# How much is my nett take home if I earn 70000 euros



## zaveri

Hi,

Have been offered a job in Munich by an IT company with a annual 70000 euros salary.
My question is, how much do I really get after taxes and is this salary enough considering I will have a stay at home wife and a 3 year old daughter with me.

We are a "homely" couple who really would only splurge on traveling to different countries and destinations. 

Probably looking at a 2 bedroom apartment rental, no car, kindergarten for my daughter and that's about it besides the usual groceries and stuff.

So what do you guys think? Is 70000 euros enough?

Thanks


----------



## Shapiro

Hello!

I am interested in more or less the same thing, 'How is taxing done in Germany'. What I have found is that there are websites that help you calculate that (approx).

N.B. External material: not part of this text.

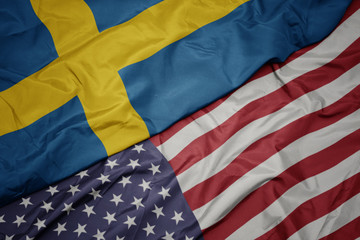 Fototapeta na wymiar waving colorful flag of united states of america and national flag of sweden. macro
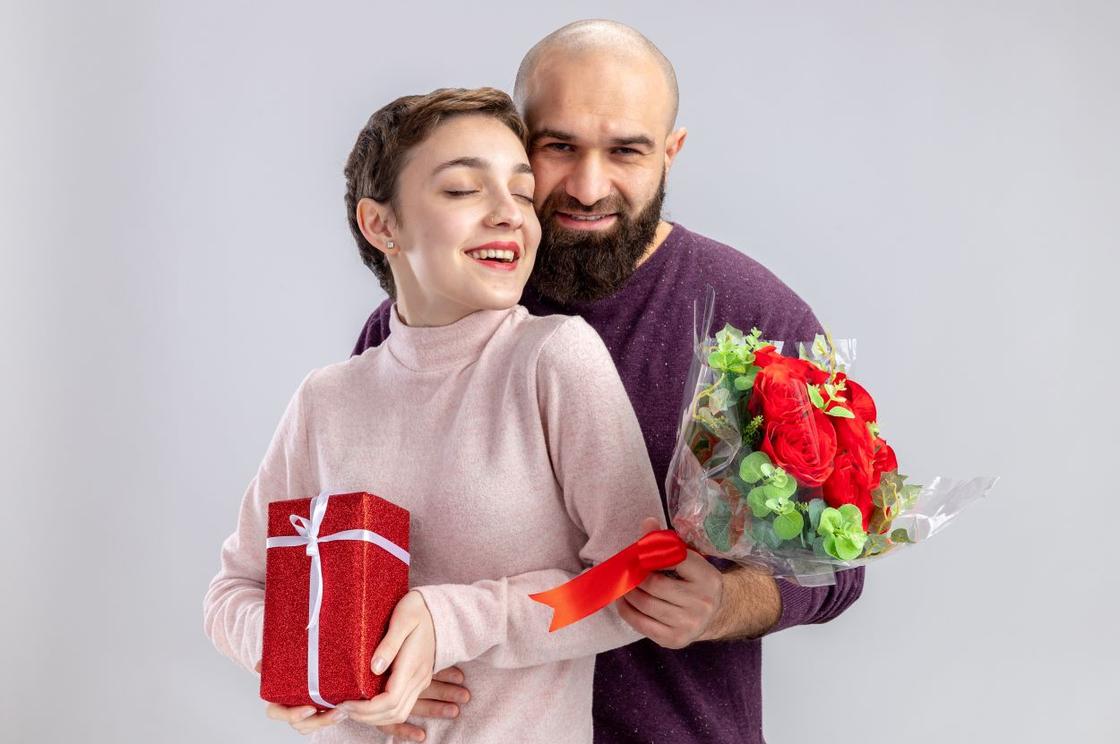 Женщина с подарком, мужчина с цветами в руках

I cant post links yet  but if you google search: tax calculator germany.
it should give you enough generators to choose from


----------



## beppi

Taxes in Germany are a very complex issue and what gets deducted from your pay depends on many factors. Tax calculators like Brutto Netto Rechner 2014 2013 Gehaltsrechner 2014 2013 Lohnrechner 2014 2013 Gehalt give you an indication if you can navigate them (in German). I entered the details you gave, made some assumptions for the rest and came up with EUR45k/year after all deductions. For a definite number, you must ask a tax consultant - you'll need one anyway for the (compulsory) yearly declaration, which is difficult to fill for native speakers and impossible for foreigners!
This salary is far higher than the average German household income, but Munich isn't cheap and depending on your lifestyle choices you can easily spend all this and more. If you live like a local (German food is far cheaper and easier to get than Indian!) and send your kid to German child care (approx. EUR300/month for full day care, compared to EUR1000/month or more at an international facility), you will be o.k.


----------



## zaveri

Thank you very much beppi...very informative. I have contacted a company that helps out with tax and emailed them. They have responded and they were also helpful. This is their website gtc-ev.de 
I know have a good idea how much is a good amount.  thanks


----------



## Your Europe

Hi zaveri, 

Beppi is right: it's complicated and by doing the calculations yourself, you will only get close to what you're going to pay in the end. Some more detail (in English!) is here: europa.eu/youreurope/citizens/work/taxes/income-taxes-abroad/germany/employed. The page has also got a link to the 'official' tax calculator from the German ministery of finance (which is in German). 

Good luck!


----------